Nvidia has introduced a new platform called Cosmos for world foundational models. This platform aims to develop AI applications that understand physics, which can be used in robotics and autonomous vehicles. Additionally, Nvidia announced Nemotron, a family of language models designed to create AI agents for businesses. These agents can be used in customer support, fraud detection, or managing supply chains and inventories.
Developing AI models with an understanding of physics requires a large volume of training data. With Cosmos, developers can input text, images, videos, as well as sensor and motion data to receive physically accurate training videos, which can replace real-world tests. Nvidia Omniverse-developed 3D scenarios can also be converted into videos. The company claims that Cosmos, using Nvidia Blackwell, can process 20 million hours of video material within two weeks.

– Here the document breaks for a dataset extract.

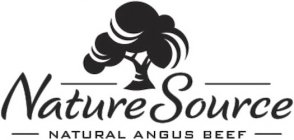 NATURESOURCE NATURAL ANGUS BEEF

Besides the large language model Llama Nemotron, the model family also includes Cosmos Nemotron, a visual language model that leverages the recognition and analysis capabilities of the world model. Together, these language models can be used for business applications. For instance, warehouses can use cameras to capture current inventory. An AI application analyzes the images and compares the captured goods with stored records.
Nvidia also introduced new blueprints for AI agents, developed in collaboration with partners. These templates cover functions for commonly used purposes, allowing developers to create business-specific AI applications without having to build their foundational functions. With these blueprints, AI agents can be created to comment on code, structure repositories, or perform automated web searches.
One Nvidia-developed template involves converting PDF content into podcasts. An AI agent developed with this template can summarize texts, tables, and images from PDF files and present them to users as a monologue or conversation. Nvidia promises that this allows users to learn information more efficiently and at their own pace. Developers can run these blueprints with pre-configured settings on devices, in data centers, or in the cloud.
Nvidia offers the AI models in three levels ranging from 4 to 14 billion parameters. The smallest level, Nano, is intended for PCs and other devices, while the Ultra level targets usage in data centers. Cosmos and Nemotron models are available under the Open-Model License, which allows commercial use but are not open-source like NVLM. Companies will also receive the models through the Nvidia AI-Enterprise platform and as part of the NIM Microservices. Some of these are already available as previews.